A 2005 study of third-year medical students showed that in a majority of cases where their patients died during their internal medicine rotation, the medical team never brought up death. When they did it was treated only in terms of medical technicalities. The attending physicians only mentioned emotional issues in six of 27 cases.
One physician thinking and writing on the subject created the seminal book, How To Break Bad News: A Guide For Health Care Professionals. In it, Robert Buckman, a Toronto oncologist, outlines six steps in giving out bad news. He starts with setting the scene in a quiet place. Seems pretty obvious to me, but physicians are so focused away from emotions and feelings that the whole thing was ignored until recently. "Hey, pal. You're dying," might have been acceptable for specialists before doctors were expected to be sensitive. Only those Norman Rockwell doctors with the neat, black leather bags, Drs. Welby and Kildare, could do it better.

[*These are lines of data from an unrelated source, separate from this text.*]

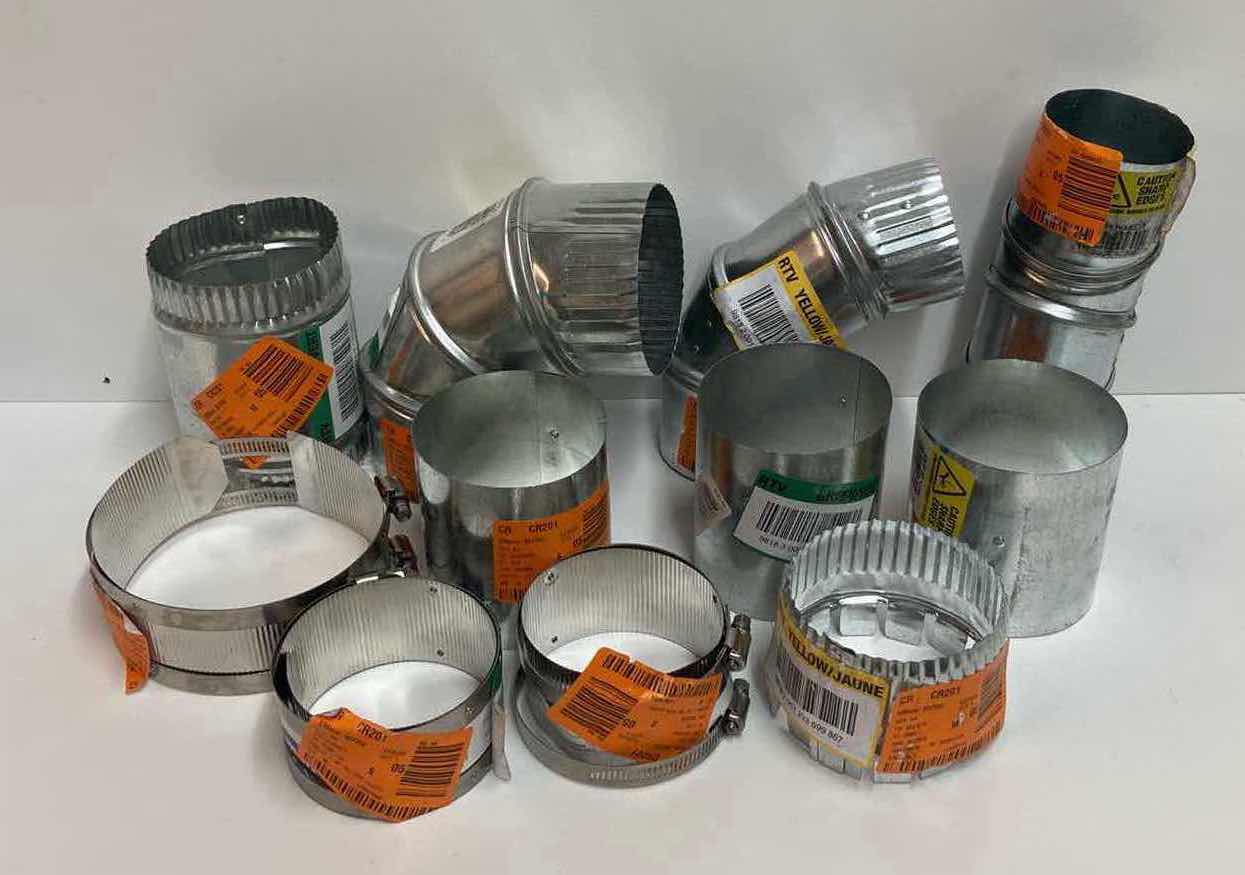 Photo 1 of MASTER FLOW GALVANIZED STEEL DUCT PARTS- COUPLINGS, ELBOWS, FLEXIBLE COLLAR, & EAVE VENTS SIZES 3”-4” (SET OF 11)
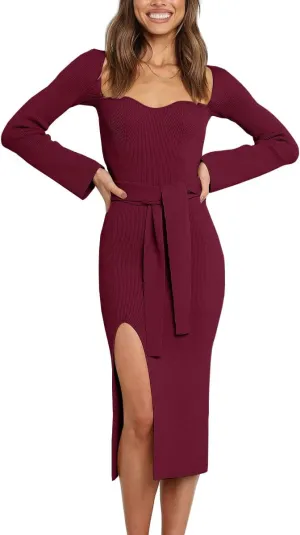 LILLUSORY Women's Sweetheart Neckline Midi Dress Long Sleeve Ribbed Knit Sweater Outfits with Slit and Belt 2024 Spring
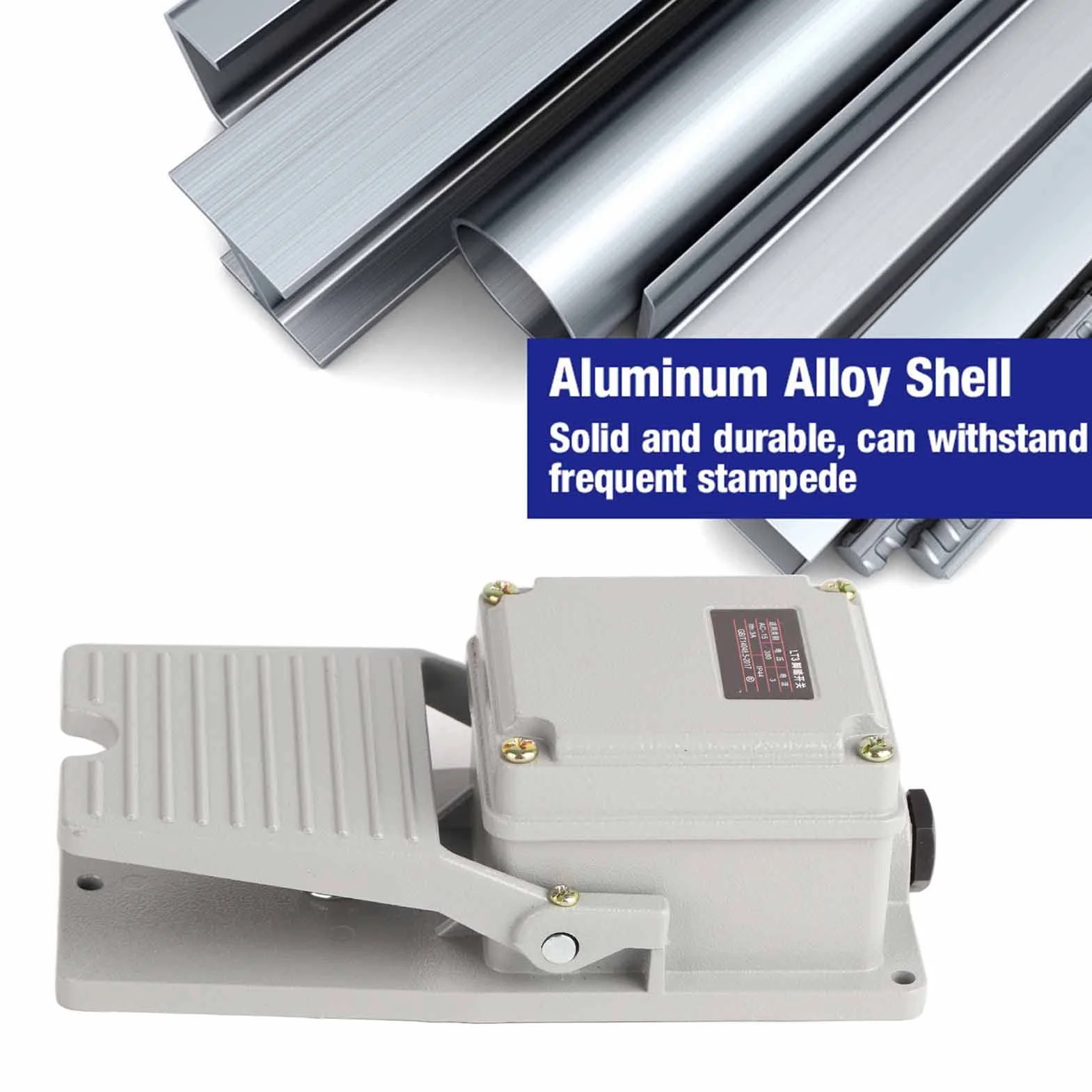LT3 przełącznik nożny do pras hydraulicznych, pedał momentowy z obudową aluminiową, srebrne styki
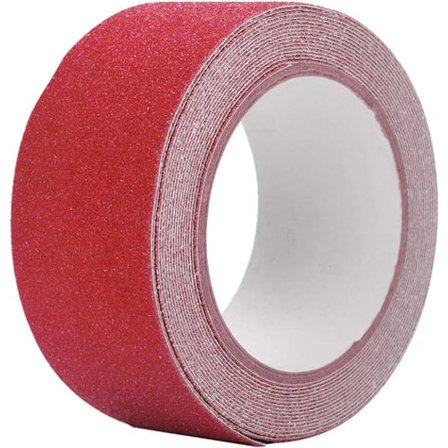 ING skridsikker tape - Længde 5 meter x Bredde 5 centimeter x Tykkelse 0,8 centimeter - Fremstillet af PVC - Rød farve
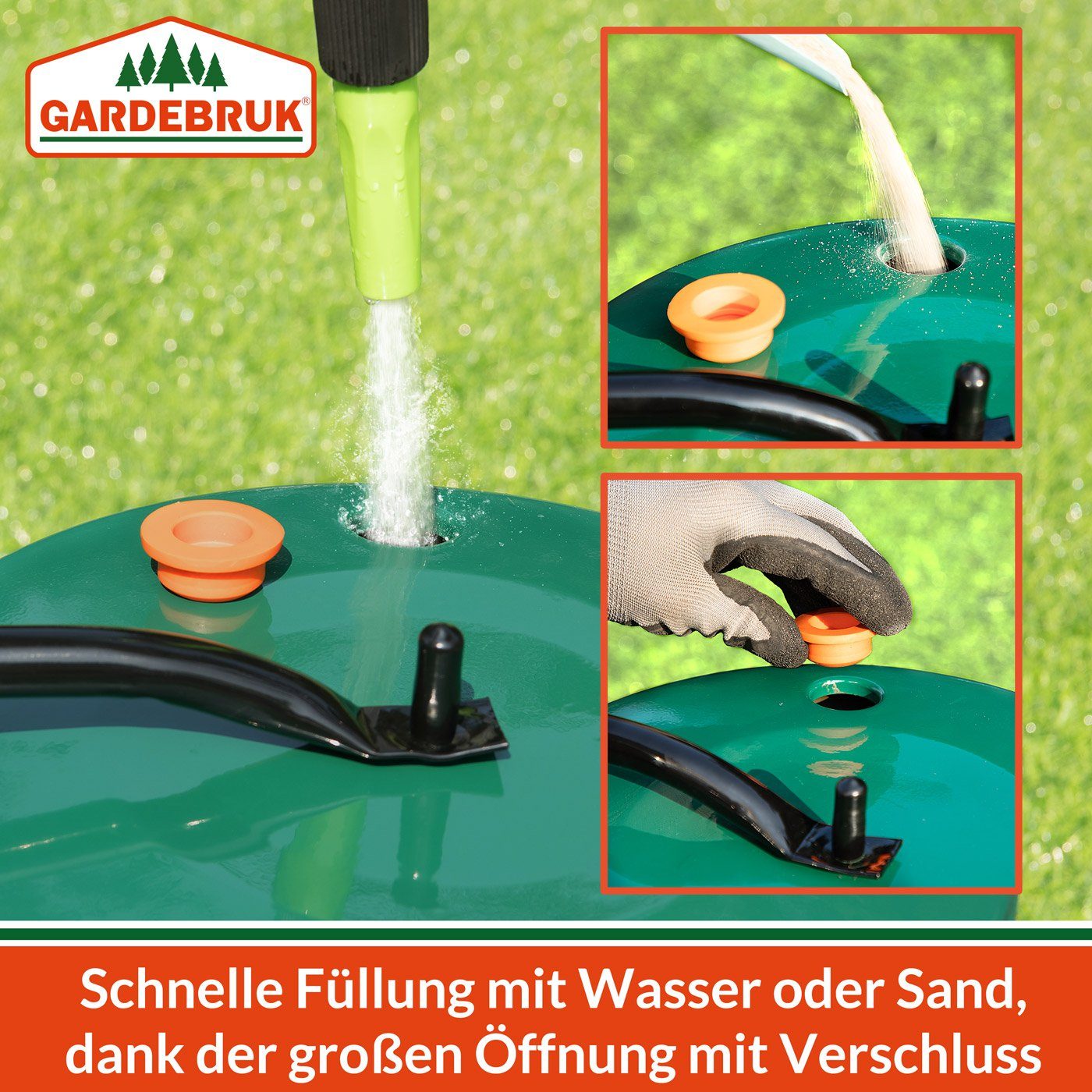 Gardebruk Rasenwalze,60cm 50L gepolsterter Griff Handwalze Rasenroller Garten befüllbar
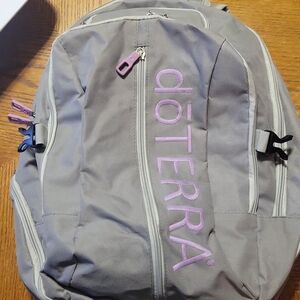 doTERRA Gray Backpack with Pink Accents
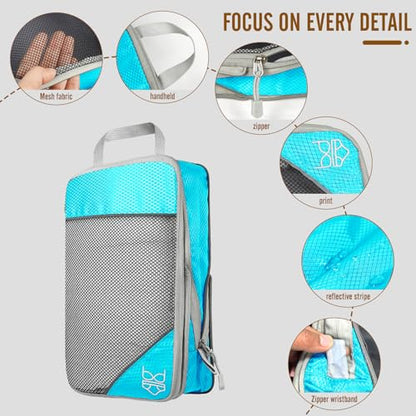 8 Set Compression Packing Cubes for Travel, Expandable Luggage Organizer with Shoe Bag & Laundry Bag - Lightweight Suitcase & Backpack Travel Essentials (Sky Blue) - color: Sky Blue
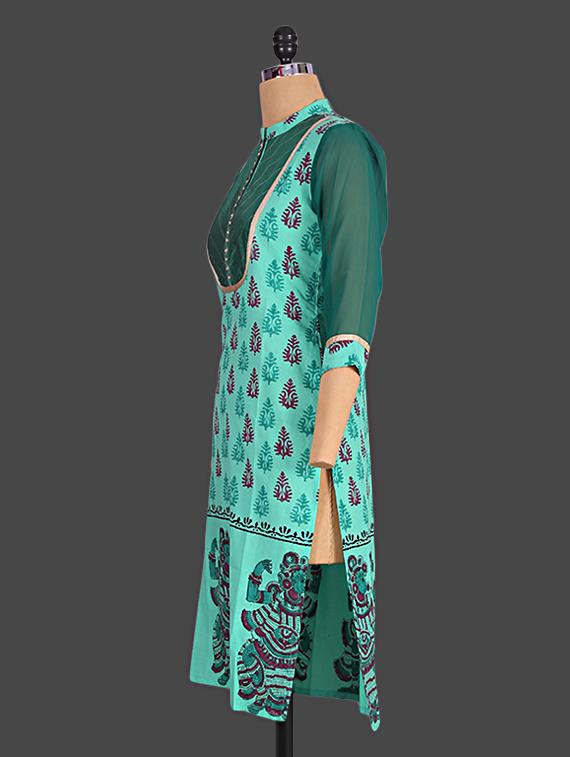 mandarin collar ethnic block printed cotton kurta - 1143597 - Standard Image - 1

Dennis Novak, Dean at the Drexel (Philadelphia) School of Medicine related how he had taught himself the practice of giving bad news. "There was one patient who asked me, 'Am I dying?,' and I just said, 'Yes.' I would never say that now." Novak and colleagues at Drexel recently received $200,000 to create "Doc.com", which is making 40 videos that can be downloaded and used at medical schools where scenarios are made using experts and actors posing as patients to start discussions relating to patients and families during these crisis.
But doctors say that no matter how seasoned, some reactions can't be anticipated. "My colleague told a family that their mother was very sick, and the son had a heart attack in her office," says David Muller, dean of Mount Sinai Medical School in New York.
Like many areas where sensitivity is needed in the medical profession, it's about time for a start.